From Org Charts to Self-Organization: How Charlotte Transformed an Audi Subsidiar
- Charlotte Yasin
- Jul 8, 2019
- 2 min read
This is the story of how Charlotte helped transform Audi Business Innovation into a self-organized company, as part of the founding team that designed and led the initiative from the ground up.
As Chief of Staff to the CEO, one of Charlotte's core accountabilities was organizational structure. The question she kept coming back to: what is the most effective and lean way for a company to operate while still delivering on its outcomes?
Audi Business Innovation, or ABI, was Audi's answer to the future of mobility. An entrepreneurial unit with a bold mandate to redefine the space for Audi. On paper, Charlotte was moving boxes from A to B and back again. But she quickly realized that no amount of restructuring would solve the real problem: the inefficiencies in decision-making and alignment that ABI was genuinely struggling with.
The turning point came during her summer break, when she picked up Reinventing Organizations by Frederic Laloux. The book gave her the push she needed. She came back to her CEO with a pitch: restart and reshape the entire organization around self-organized teams.
Leadership was hesitant at first, but curious. What would this mean for an organization of 200 people? Could they transform while continuing to deliver on their agenda and remain accountable to the parent company? ABI was created to produce business outcomes, after all.

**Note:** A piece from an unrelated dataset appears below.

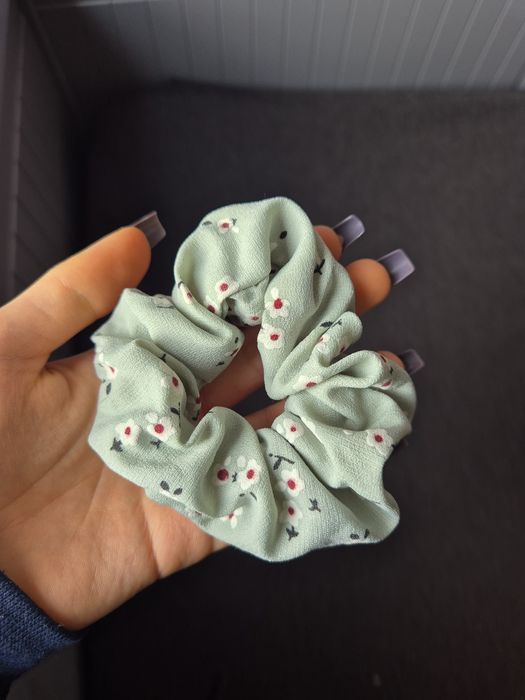 Gumka scrunchie zielona w kwiatki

So Charlotte and a small group of believers got to work. Rather than transforming everything at once, they started small, running pilots with volunteer teams and keeping leadership closely involved throughout. What began as an experiment gradually became a full company transformation. This article offers a closer look at how it unfolded: How Audi Business Innovation is working
That journey gave Charlotte a toolbox she continues to draw from. She introduced strengths-based development at Celonis, helped shape their values, and rolled out tension-based meetings and role accountability at Parloa. Self-organization is not a universal solution, but some of the tools that come with it are genuine gamechangers.